___ Data for processing

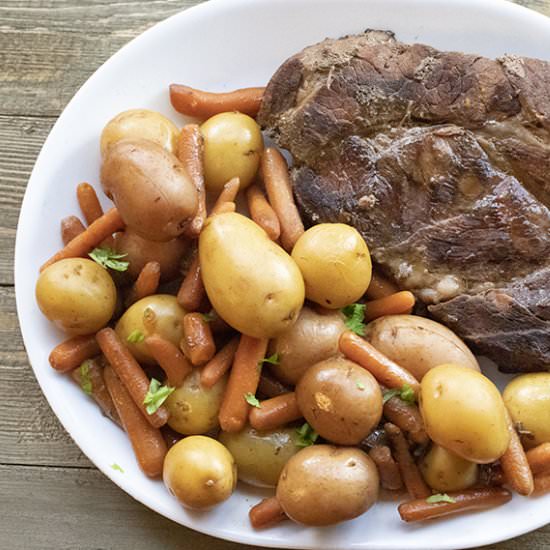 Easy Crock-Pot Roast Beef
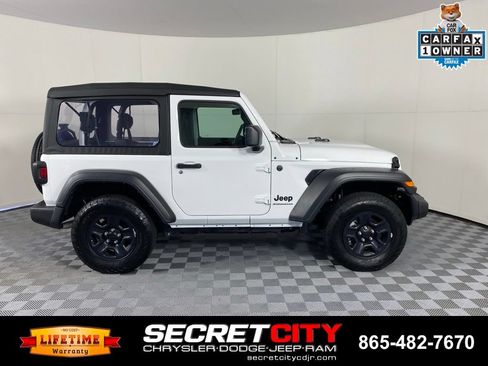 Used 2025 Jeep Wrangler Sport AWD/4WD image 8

______
___ Data for processing

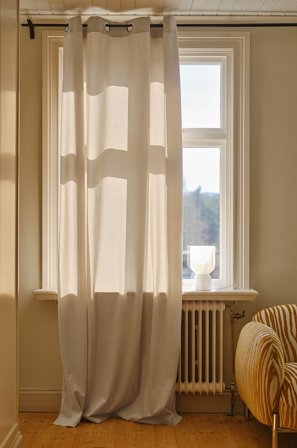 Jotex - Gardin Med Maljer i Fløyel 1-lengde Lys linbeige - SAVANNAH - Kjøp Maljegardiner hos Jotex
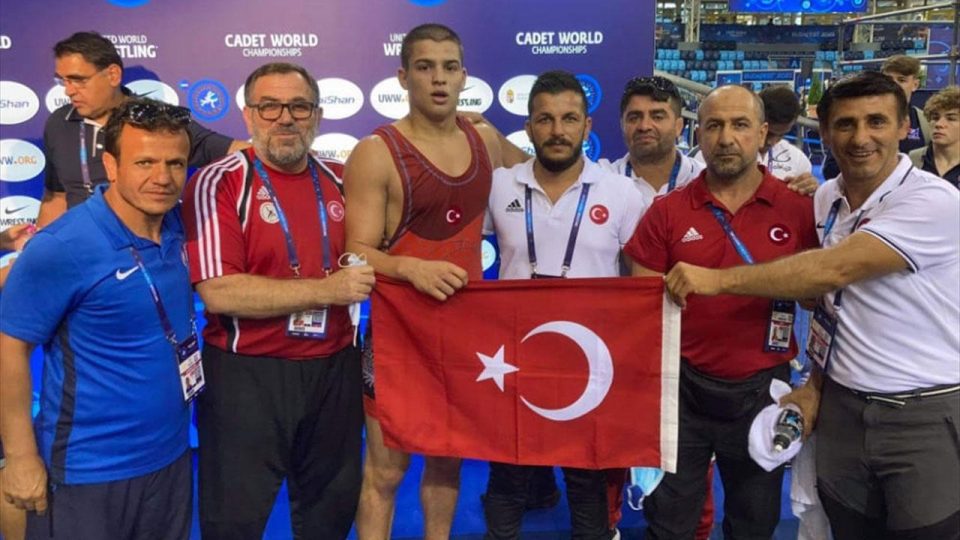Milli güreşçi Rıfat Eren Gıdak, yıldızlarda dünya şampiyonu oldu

______

**Action item:** Everything above from the line with "Easy Crock-Pot Roast Beef" through the line with "Used 2025 Jeep" should be retyped exactly, and nothing else; omit pictures.

**Written response:**
 Easy Crock-Pot Roast Beef
 Used 2025 Jeep Wrangler Sport AWD/4WD image 8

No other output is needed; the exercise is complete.